=== Work task ===
Search the material for "hearing" and copy each line in which it is found.

+===+

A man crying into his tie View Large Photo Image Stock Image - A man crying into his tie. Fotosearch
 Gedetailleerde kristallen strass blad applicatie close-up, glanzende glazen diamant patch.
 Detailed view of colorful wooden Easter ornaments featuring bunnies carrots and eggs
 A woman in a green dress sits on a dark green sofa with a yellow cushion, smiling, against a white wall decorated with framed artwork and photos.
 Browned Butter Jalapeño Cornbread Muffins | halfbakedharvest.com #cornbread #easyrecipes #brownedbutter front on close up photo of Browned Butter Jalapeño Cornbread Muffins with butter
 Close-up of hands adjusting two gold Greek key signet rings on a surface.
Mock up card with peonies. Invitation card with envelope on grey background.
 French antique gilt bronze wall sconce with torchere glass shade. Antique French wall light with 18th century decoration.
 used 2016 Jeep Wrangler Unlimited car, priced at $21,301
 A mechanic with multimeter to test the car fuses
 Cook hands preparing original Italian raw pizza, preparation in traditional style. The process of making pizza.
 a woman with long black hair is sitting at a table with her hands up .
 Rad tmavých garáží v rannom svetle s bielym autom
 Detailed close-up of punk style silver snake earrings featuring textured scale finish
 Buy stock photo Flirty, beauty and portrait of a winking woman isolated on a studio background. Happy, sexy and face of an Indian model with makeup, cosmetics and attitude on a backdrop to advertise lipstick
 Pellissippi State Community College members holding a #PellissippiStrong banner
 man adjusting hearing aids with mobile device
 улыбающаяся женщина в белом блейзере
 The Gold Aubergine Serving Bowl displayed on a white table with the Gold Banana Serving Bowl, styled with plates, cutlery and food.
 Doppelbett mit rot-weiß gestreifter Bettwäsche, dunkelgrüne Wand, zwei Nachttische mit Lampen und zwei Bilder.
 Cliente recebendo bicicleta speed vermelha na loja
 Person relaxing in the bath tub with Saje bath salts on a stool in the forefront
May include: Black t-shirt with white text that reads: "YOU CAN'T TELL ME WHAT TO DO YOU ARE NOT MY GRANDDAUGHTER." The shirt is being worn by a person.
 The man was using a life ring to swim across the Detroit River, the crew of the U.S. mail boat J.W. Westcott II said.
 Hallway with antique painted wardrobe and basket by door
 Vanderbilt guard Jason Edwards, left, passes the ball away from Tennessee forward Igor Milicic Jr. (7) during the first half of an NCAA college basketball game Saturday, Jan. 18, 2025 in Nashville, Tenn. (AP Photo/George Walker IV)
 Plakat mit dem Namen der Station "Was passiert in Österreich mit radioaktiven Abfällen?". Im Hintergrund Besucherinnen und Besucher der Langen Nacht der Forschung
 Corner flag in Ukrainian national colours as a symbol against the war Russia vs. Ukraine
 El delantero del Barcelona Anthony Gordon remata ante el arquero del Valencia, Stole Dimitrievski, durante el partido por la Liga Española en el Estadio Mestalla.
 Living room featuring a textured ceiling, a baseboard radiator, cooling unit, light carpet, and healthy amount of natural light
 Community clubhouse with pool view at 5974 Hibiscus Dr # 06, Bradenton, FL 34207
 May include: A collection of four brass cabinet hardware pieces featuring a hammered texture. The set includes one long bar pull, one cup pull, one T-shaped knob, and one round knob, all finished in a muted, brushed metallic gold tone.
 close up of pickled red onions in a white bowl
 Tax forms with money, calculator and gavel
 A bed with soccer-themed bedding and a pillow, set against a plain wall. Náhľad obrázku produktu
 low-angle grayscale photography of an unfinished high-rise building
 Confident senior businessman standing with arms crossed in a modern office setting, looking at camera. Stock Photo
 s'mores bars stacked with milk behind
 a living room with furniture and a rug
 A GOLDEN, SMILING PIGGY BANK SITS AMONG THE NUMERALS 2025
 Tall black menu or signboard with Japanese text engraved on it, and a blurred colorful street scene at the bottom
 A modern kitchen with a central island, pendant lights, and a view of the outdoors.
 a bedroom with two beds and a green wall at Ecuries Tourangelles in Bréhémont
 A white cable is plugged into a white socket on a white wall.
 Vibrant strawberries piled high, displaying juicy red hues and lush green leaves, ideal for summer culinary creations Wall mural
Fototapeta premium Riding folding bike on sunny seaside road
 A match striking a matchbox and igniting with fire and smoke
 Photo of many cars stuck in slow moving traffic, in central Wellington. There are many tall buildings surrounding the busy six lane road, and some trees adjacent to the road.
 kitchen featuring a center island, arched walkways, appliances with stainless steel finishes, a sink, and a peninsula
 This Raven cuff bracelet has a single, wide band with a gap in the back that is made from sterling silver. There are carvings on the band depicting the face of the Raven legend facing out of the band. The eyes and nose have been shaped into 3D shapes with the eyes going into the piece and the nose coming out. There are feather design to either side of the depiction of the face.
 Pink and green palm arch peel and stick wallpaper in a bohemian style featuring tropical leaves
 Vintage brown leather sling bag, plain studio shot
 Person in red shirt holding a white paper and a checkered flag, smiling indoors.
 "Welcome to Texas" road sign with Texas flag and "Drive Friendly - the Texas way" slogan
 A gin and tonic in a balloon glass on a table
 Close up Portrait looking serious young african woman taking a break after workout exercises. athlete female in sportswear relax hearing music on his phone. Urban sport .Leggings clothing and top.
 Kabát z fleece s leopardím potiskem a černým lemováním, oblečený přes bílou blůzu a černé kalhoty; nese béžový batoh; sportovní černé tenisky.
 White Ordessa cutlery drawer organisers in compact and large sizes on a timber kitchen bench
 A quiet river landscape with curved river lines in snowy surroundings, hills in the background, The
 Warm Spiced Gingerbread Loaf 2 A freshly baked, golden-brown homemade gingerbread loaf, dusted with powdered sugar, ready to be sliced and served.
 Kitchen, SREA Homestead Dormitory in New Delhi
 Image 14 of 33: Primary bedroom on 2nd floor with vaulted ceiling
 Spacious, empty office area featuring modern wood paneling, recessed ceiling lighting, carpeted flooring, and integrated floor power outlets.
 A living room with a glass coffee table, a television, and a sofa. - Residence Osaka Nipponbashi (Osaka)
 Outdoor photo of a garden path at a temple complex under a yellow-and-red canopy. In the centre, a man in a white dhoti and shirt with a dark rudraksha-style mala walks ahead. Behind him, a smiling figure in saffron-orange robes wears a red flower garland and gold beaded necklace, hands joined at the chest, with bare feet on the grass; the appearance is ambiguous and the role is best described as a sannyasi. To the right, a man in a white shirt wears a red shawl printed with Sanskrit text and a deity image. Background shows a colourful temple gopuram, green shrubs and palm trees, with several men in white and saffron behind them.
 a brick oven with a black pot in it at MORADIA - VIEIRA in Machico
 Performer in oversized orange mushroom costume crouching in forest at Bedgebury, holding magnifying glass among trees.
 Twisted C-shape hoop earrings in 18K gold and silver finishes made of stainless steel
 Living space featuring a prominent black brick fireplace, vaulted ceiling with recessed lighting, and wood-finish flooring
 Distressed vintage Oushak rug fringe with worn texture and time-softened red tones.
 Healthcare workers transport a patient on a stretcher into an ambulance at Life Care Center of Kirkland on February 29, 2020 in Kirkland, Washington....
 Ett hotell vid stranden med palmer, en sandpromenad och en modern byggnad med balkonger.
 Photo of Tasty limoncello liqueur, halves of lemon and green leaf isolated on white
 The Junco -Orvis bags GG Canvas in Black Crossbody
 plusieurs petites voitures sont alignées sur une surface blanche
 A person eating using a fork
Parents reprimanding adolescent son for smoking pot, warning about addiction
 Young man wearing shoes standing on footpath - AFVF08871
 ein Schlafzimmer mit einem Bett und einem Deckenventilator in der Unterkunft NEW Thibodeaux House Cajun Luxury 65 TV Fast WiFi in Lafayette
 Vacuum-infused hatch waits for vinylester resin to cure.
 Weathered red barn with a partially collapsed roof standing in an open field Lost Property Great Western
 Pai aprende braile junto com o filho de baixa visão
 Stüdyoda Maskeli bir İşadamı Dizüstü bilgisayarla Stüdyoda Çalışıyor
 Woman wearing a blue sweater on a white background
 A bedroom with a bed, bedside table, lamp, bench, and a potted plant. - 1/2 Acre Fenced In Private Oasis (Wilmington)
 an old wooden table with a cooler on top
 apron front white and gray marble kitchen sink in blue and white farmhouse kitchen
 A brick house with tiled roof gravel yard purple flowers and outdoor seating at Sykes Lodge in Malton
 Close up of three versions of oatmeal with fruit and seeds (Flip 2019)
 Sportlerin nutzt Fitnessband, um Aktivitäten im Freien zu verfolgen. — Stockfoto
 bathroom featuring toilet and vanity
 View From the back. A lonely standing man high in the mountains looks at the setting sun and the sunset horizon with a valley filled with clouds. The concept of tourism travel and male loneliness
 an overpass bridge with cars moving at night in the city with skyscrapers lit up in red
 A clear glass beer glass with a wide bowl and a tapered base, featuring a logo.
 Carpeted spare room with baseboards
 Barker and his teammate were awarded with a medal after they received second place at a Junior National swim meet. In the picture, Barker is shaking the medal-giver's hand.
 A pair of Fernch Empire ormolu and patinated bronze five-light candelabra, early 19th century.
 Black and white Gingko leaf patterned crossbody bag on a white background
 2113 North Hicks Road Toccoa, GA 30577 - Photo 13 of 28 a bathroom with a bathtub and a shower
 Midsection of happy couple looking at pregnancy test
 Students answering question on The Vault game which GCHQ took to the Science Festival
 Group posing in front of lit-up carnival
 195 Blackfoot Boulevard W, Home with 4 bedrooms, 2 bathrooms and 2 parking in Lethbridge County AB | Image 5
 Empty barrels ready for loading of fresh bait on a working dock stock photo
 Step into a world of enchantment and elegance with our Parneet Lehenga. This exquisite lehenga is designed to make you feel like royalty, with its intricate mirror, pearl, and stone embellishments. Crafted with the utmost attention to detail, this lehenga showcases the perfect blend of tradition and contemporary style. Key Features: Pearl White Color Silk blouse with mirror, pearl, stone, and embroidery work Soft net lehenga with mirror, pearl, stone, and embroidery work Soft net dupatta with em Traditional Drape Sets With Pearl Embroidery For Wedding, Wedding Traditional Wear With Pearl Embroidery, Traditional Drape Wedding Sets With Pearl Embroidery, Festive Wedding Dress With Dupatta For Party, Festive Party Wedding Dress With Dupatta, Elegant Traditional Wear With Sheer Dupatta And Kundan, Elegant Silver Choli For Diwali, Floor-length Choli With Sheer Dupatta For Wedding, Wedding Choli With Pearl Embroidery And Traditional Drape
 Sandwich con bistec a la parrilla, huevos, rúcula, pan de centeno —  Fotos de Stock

+===+

=== Result of this task ===
 man adjusting hearing aids with mobile device
 Close up Portrait looking serious young african woman taking a break after workout exercises. athlete female in sportswear relax hearing music on his phone. Urban sport .Leggings clothing and top.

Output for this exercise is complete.